Task description: Pictures excluded, reproduce exactly the lines below from the one with "COMIC Kuriberon DUMA 2022-06 Vol. 37" through the one with "image-komik-ha-buk-paengs-youngest-son-chapter-20-7/66", both included.

Dataset extract:
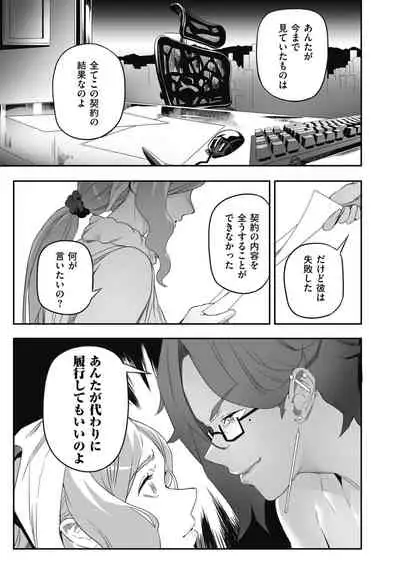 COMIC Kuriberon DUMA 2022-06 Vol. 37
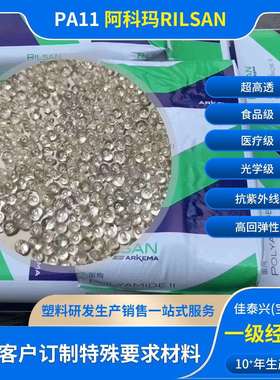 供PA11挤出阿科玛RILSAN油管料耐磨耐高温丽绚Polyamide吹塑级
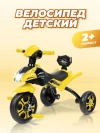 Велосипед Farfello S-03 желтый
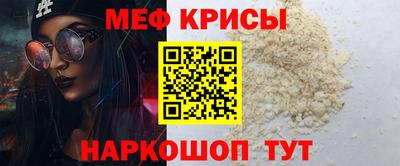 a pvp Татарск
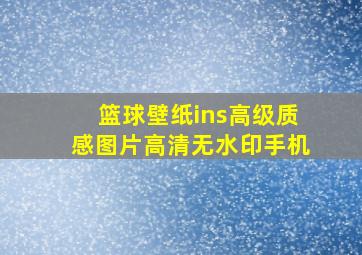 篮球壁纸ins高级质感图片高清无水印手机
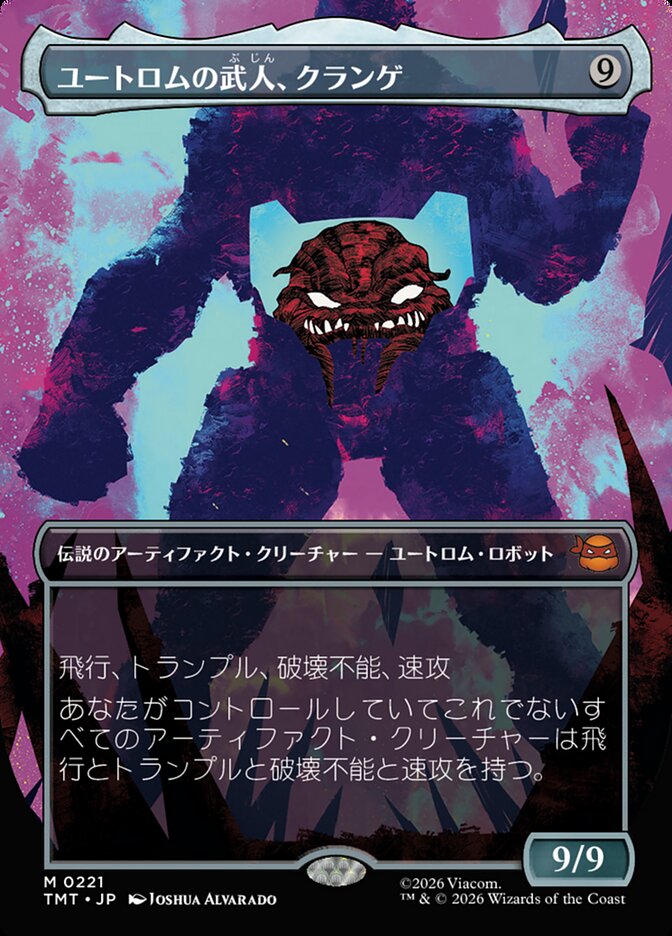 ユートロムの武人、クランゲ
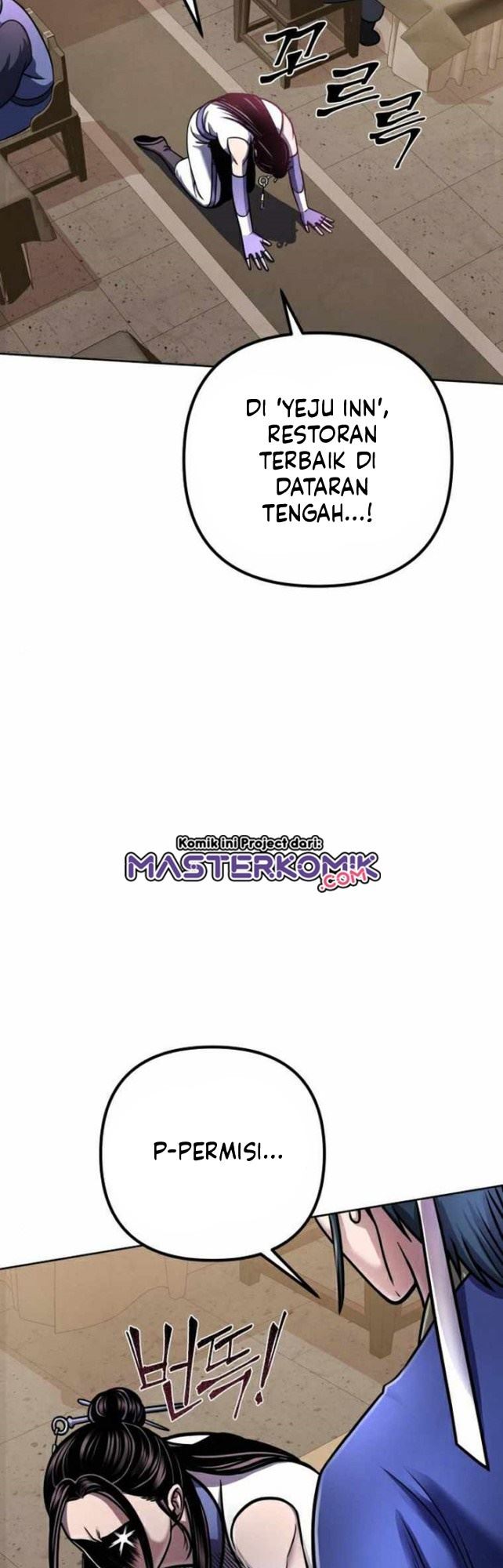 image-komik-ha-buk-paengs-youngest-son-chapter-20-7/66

* * *

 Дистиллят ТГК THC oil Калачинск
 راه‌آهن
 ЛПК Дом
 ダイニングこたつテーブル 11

---

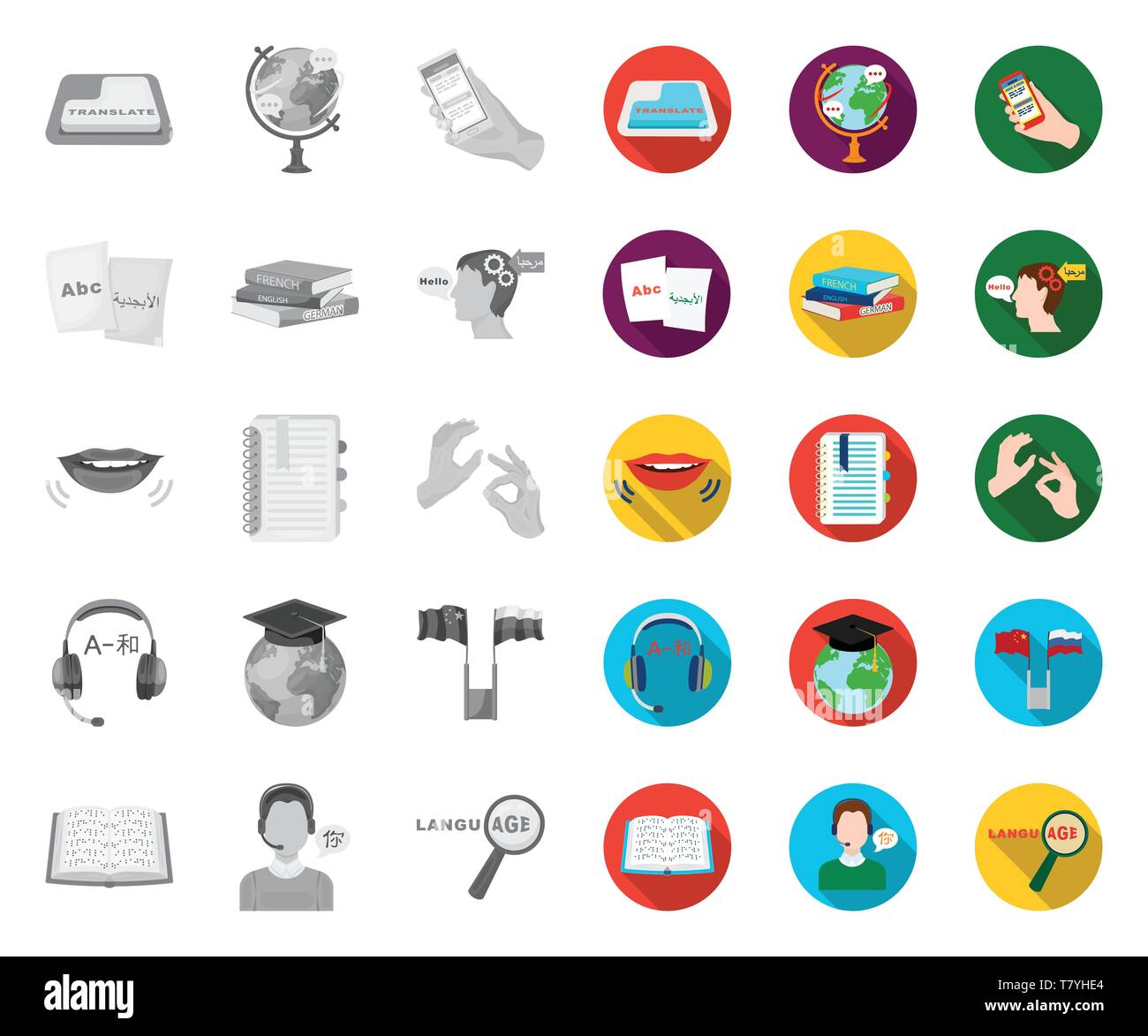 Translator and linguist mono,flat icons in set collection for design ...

Task solution:
 COMIC Kuriberon DUMA 2022-06 Vol. 37
 供PA11挤出阿科玛RILSAN油管料耐磨耐高温丽绚Polyamide吹塑级
 Велосипед Farfello S-03 желтый
 a pvp Татарск
 篮球壁纸ins高级质感图片高清无水印手机
 ユートロムの武人、クランゲ
 image-komik-ha-buk-paengs-youngest-son-chapter-20-7/66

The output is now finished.